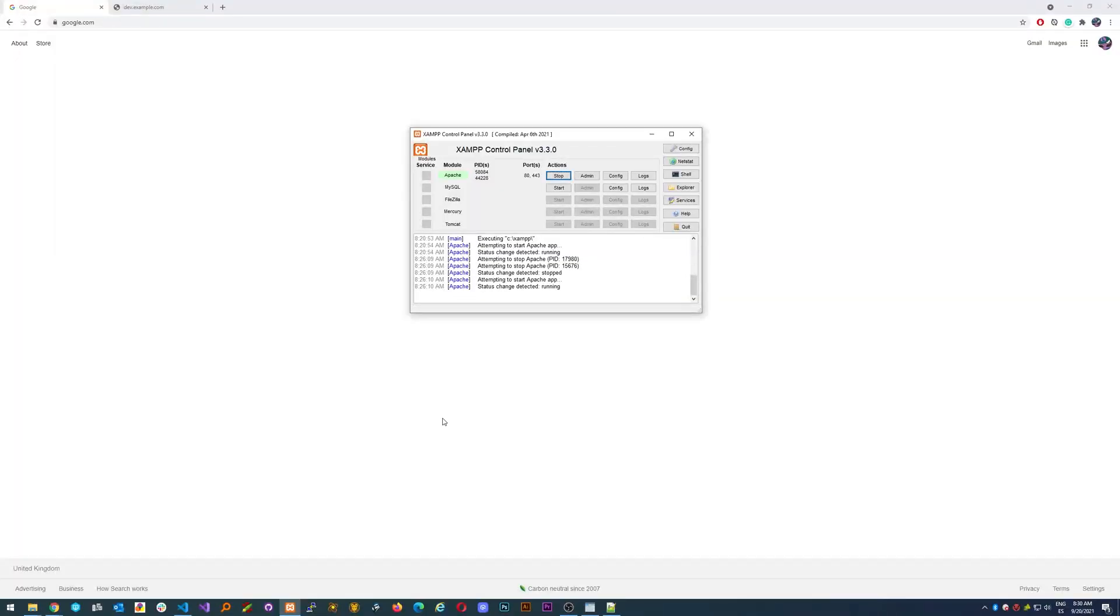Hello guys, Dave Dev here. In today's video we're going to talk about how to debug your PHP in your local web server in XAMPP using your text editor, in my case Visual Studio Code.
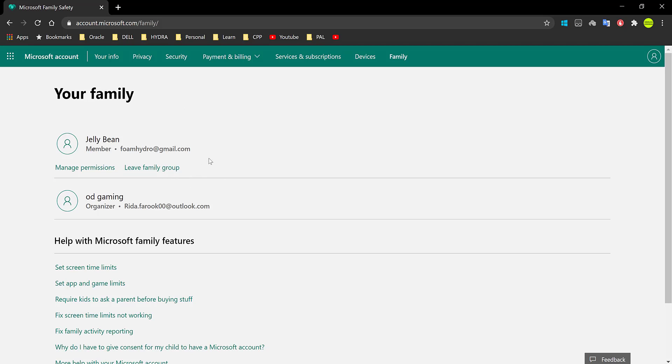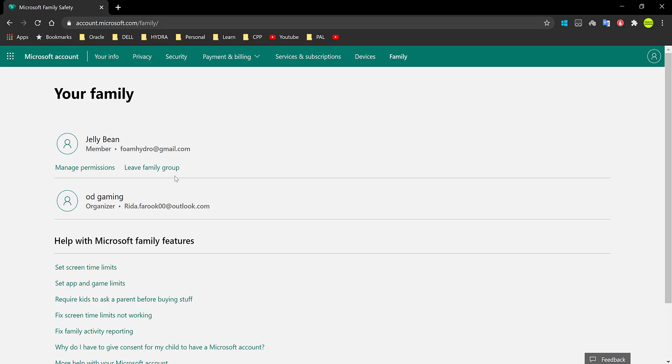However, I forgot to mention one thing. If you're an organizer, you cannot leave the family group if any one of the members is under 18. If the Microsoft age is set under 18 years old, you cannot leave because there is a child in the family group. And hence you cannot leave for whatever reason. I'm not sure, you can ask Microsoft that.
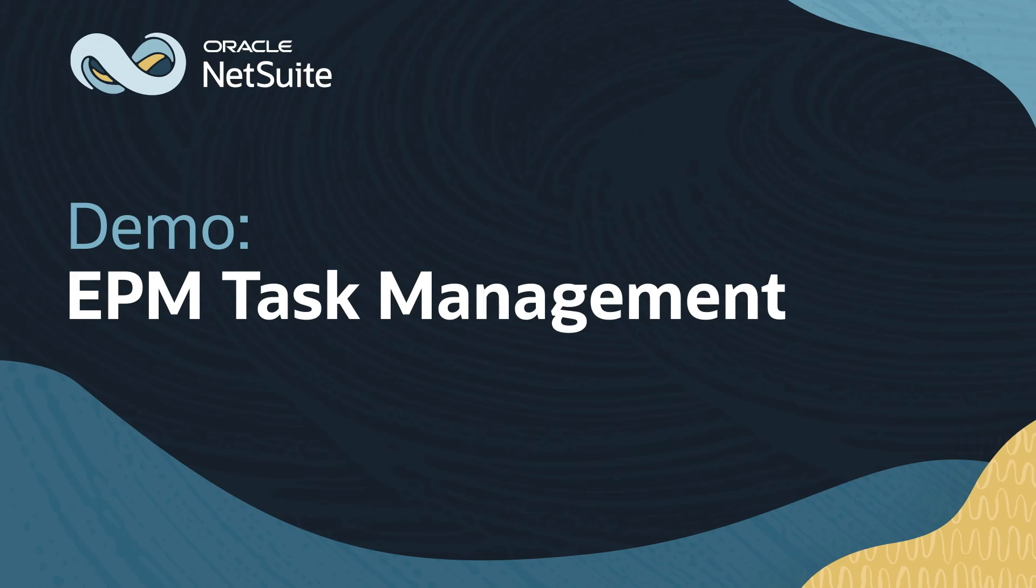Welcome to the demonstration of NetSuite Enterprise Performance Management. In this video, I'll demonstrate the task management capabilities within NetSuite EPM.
+===+
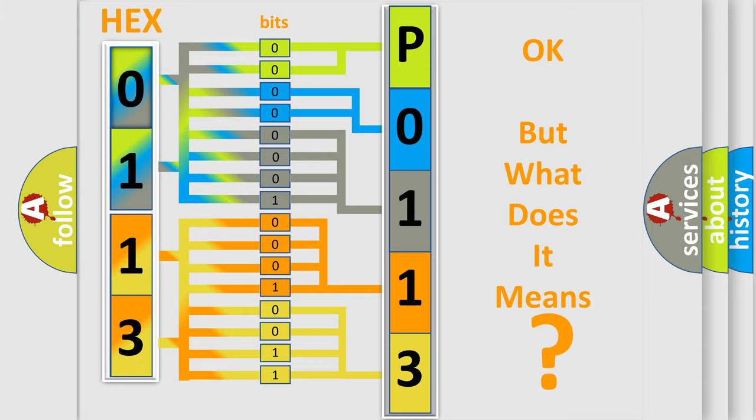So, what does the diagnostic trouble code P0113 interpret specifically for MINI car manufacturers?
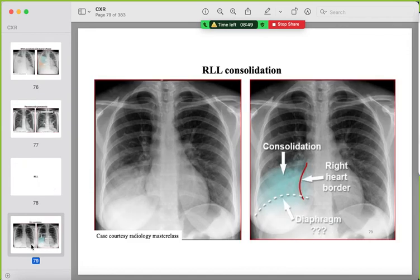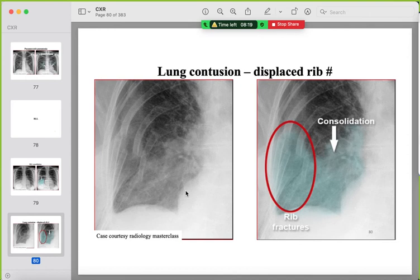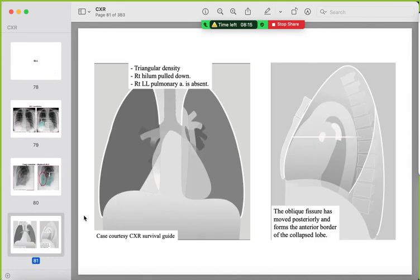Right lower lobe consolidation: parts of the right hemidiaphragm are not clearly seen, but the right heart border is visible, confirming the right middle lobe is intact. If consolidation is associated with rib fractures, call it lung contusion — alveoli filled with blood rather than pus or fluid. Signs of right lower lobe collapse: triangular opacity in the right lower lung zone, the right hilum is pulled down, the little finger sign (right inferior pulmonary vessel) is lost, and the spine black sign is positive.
+===+
Work task:
Write out, word for word, the stretch of entries that begins at the line with "Hello guys, Dave" and ends at the line with "Welcome to the". Pictures do not belong in it.

Solution to this problem:
Hello guys, Dave Dev here. In today's video we're going to talk about how to debug your PHP in your local web server in XAMPP using your text editor, in my case Visual Studio Code.
However, I forgot to mention one thing. If you're an organizer, you cannot leave the family group if any one of the members is under 18. If the Microsoft age is set under 18 years old, you cannot leave because there is a child in the family group. And hence you cannot leave for whatever reason. I'm not sure, you can ask Microsoft that.
Welcome to the demonstration of NetSuite Enterprise Performance Management. In this video, I'll demonstrate the task management capabilities within NetSuite EPM.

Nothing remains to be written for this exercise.